- **What you need to do**:
For the listing below, work out how many lines hold the word "Gift" and give that number by itself.

- **Data records**:
........

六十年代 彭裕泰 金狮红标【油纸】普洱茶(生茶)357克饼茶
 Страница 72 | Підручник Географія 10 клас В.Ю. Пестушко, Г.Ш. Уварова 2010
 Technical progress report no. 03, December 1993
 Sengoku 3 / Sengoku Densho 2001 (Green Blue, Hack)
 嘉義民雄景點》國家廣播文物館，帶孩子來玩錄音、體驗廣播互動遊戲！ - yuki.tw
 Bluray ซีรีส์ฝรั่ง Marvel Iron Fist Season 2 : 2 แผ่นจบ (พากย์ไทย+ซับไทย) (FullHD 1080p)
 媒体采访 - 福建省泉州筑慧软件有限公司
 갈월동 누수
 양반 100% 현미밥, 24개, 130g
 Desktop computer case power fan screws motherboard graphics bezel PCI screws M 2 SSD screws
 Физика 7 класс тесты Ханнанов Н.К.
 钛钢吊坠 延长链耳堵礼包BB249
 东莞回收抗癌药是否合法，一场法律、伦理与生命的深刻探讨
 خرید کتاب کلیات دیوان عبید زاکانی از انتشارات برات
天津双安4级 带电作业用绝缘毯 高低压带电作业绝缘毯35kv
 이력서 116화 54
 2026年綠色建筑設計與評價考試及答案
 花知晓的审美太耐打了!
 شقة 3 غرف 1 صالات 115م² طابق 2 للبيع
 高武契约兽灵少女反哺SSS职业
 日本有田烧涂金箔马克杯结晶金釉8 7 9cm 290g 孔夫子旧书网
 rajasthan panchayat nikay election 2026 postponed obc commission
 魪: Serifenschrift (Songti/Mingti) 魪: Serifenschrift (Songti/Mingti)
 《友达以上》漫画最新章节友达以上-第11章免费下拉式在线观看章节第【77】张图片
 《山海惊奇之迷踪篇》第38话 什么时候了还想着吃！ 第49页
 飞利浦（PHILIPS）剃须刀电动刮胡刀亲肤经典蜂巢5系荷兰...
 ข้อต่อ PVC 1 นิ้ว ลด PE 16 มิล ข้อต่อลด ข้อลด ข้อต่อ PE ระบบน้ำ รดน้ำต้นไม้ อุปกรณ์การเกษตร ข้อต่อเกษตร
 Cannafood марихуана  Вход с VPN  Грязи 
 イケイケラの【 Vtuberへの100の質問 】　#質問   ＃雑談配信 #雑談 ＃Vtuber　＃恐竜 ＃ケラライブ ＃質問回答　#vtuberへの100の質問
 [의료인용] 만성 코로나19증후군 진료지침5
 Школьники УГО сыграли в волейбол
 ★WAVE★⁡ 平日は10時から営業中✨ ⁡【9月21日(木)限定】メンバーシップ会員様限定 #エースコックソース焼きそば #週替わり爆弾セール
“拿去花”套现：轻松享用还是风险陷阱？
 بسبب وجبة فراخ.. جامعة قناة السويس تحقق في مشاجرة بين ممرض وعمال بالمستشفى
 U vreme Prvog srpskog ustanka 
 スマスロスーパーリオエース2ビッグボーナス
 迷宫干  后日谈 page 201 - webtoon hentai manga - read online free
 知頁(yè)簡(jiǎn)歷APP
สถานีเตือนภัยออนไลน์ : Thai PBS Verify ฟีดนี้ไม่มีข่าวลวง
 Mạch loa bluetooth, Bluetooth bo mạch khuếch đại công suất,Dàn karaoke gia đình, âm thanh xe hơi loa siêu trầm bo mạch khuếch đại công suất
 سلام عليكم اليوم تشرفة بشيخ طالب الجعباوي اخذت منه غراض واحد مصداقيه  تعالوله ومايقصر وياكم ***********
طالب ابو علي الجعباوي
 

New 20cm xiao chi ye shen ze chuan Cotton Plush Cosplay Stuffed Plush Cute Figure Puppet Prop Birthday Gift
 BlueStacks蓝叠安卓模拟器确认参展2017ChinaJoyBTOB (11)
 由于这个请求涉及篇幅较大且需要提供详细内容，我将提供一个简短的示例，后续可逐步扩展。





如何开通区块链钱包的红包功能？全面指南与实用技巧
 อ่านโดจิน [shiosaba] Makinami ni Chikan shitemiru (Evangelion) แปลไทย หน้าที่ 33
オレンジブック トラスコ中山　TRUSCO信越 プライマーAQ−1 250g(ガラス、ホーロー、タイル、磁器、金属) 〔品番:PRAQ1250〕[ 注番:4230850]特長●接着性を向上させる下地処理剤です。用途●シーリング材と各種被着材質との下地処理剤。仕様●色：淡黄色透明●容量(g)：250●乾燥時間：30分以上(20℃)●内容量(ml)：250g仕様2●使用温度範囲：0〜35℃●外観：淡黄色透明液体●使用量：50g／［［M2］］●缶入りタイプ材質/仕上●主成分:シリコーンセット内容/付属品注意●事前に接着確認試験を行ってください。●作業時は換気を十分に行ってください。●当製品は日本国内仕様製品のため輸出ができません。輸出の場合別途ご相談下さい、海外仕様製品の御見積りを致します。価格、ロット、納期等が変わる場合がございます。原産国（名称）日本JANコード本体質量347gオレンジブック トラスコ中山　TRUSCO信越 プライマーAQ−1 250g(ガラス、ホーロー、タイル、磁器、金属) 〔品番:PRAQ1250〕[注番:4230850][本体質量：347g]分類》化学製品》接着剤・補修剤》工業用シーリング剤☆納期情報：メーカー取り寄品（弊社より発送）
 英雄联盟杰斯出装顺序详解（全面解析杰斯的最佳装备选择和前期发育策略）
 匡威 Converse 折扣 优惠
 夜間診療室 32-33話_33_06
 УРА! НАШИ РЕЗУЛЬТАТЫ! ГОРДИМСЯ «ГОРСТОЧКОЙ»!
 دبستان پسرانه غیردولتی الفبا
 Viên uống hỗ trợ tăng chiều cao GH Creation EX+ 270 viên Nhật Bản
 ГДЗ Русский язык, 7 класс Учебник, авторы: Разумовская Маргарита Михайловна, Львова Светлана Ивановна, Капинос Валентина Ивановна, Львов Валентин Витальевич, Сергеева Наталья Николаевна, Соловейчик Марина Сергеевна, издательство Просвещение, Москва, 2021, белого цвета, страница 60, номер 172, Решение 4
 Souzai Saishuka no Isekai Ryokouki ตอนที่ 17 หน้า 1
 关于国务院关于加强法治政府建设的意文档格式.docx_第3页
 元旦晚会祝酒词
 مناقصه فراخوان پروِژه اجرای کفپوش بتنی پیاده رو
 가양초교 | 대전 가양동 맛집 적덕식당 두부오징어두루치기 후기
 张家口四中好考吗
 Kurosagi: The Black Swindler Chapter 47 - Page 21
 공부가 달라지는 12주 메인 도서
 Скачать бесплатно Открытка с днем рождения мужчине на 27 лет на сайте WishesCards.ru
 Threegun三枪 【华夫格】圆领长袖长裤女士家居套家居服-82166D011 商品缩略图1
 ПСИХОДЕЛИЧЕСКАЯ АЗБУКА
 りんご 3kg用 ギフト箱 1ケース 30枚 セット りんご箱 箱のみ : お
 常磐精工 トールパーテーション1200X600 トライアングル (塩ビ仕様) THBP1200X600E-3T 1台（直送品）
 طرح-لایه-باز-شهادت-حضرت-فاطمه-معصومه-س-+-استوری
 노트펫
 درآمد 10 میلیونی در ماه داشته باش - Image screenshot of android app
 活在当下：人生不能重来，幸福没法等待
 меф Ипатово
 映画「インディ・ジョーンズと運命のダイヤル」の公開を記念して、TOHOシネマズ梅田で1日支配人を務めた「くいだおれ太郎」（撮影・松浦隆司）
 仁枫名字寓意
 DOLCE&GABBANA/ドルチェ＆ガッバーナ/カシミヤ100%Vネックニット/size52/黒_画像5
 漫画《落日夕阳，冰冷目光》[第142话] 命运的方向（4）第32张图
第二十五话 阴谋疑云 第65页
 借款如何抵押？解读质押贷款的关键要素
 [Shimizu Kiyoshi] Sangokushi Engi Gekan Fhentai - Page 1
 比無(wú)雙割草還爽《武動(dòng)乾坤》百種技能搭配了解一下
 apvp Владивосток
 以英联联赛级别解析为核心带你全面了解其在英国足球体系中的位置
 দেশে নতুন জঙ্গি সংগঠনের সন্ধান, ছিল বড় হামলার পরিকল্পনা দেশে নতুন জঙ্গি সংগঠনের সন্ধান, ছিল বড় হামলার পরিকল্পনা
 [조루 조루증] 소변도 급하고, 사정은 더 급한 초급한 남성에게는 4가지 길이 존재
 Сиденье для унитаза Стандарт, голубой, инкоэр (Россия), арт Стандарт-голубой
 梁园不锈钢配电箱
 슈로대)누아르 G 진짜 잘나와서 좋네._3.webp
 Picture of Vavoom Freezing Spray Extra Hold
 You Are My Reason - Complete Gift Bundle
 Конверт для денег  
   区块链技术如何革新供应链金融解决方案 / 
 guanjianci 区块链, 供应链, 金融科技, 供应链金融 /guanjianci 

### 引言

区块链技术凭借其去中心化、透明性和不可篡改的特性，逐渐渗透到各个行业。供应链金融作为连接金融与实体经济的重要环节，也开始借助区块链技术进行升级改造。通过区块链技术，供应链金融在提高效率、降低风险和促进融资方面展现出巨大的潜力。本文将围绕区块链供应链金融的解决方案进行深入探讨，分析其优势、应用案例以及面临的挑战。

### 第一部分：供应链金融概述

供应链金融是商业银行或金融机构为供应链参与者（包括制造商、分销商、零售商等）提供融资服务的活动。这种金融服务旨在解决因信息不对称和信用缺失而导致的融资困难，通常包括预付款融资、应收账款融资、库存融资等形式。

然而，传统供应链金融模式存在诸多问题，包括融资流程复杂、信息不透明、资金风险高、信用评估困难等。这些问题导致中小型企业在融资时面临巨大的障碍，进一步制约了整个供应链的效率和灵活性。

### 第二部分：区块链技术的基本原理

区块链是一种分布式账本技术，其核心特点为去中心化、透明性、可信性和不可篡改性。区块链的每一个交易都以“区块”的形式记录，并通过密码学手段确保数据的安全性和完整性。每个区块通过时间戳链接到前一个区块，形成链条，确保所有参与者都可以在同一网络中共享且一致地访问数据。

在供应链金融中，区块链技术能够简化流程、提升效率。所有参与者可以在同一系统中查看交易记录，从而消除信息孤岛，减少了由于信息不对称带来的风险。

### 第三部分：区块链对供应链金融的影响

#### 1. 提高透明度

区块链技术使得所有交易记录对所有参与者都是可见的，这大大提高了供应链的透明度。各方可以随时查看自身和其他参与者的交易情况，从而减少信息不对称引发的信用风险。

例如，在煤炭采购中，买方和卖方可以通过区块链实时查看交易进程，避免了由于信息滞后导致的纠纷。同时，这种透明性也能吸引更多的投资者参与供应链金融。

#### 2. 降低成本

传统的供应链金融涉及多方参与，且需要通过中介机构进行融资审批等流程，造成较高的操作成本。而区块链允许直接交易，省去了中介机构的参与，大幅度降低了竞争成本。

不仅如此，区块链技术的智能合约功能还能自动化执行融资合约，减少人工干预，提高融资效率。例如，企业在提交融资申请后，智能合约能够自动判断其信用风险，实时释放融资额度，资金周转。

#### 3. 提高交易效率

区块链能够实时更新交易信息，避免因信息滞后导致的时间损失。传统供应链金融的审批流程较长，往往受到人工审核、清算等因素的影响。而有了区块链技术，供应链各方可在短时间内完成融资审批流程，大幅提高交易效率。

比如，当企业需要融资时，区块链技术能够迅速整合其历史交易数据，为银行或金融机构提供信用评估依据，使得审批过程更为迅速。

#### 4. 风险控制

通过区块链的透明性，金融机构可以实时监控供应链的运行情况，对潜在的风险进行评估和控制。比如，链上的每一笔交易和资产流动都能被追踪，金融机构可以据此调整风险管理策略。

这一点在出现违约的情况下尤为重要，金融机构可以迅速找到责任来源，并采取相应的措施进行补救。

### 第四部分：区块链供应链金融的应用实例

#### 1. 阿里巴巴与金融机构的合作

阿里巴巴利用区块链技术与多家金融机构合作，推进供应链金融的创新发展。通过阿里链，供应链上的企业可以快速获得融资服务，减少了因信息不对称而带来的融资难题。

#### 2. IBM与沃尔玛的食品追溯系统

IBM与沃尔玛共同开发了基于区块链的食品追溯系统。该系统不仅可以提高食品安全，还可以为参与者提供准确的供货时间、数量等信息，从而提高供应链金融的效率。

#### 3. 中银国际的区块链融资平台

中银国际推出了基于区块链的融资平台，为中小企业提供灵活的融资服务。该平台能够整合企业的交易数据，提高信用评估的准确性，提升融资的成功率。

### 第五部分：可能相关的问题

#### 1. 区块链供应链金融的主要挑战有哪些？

........

- **Task response**:
2